Updated:

This page contains notes from my various tests and experiments. It is a raw record of what I did, without correction for errors, or later update for things that I learn. Use at your own risk.

AIN5 - Trying to get the scripts working

Earlier I installed a vxlan between two AWS instances along with an OpenVPN gateway. I managed to get it to work without Docker, but I went ahead anyway and did install scripts. Tried them they did not work. So I need to sort that out.

Last commit which was used for the install scripts was 32d9fde to rosdabbler.github.io

Disable Docker, reboot.

Tried this, no help. So I am going to terminate these instances, and re-install without installing ROS2 and Docker, and make sure that works.

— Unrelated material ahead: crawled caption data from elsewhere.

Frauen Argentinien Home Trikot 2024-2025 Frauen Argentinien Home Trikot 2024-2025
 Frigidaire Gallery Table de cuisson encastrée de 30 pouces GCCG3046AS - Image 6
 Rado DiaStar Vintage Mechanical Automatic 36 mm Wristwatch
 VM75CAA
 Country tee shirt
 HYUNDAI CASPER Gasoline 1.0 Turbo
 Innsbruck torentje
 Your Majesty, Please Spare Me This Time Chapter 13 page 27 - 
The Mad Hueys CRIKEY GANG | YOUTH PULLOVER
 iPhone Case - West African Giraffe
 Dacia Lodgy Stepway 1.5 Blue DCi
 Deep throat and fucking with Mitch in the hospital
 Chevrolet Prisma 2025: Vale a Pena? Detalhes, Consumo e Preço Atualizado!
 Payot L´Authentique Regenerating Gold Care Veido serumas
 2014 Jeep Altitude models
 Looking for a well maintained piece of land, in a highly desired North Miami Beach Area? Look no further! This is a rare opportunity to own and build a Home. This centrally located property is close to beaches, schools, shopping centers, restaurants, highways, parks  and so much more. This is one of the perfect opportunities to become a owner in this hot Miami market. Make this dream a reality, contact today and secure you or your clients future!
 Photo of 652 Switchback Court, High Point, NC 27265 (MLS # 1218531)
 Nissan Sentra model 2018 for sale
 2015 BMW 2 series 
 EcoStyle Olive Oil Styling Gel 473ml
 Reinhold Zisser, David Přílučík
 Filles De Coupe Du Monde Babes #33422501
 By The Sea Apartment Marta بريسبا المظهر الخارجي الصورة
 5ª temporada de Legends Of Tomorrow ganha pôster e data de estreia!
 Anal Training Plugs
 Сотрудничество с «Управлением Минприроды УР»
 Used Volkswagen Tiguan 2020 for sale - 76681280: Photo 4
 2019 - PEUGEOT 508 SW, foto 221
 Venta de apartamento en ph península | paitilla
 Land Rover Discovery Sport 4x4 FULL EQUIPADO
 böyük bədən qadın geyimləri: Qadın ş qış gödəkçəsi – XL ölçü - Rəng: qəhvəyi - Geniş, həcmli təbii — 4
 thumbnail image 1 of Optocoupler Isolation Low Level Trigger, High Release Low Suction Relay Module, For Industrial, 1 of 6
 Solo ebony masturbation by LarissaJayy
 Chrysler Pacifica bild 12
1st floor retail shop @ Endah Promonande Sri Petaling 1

Note to self: AMI image I used can be found searching for 070f417

ROSVPN_SKIP_ROS2=true
ROSVPN_SKIP_DOCKER=true
wget https://raw.githubusercontent.com/rosdabbler/rosdabbler.github.io/main/scripts/ain5-gw-install.sh
source ain5-gw-install.sh

Second system:

ubuntu@ip-172-31-1-12:~$ ROSVPN_SKIP_ROS2=true
ubuntu@ip-172-31-1-12:~$ ROSVPN_SKIP_DOCKER=true
ubuntu@ip-172-31-1-12:~$ wget https://raw.githubusercontent.com/rosdabbler/rosdabbler.github.io/main/scripts/ain5-vx-install.sh
ubuntu@ip-172-31-1-12:~$ source ain5-vx-install.sh 

These did not work. ROS2 install started, plus had later failures. Debugging. New instances, modified install scripts setting variables to not install, this time install completed cleanly.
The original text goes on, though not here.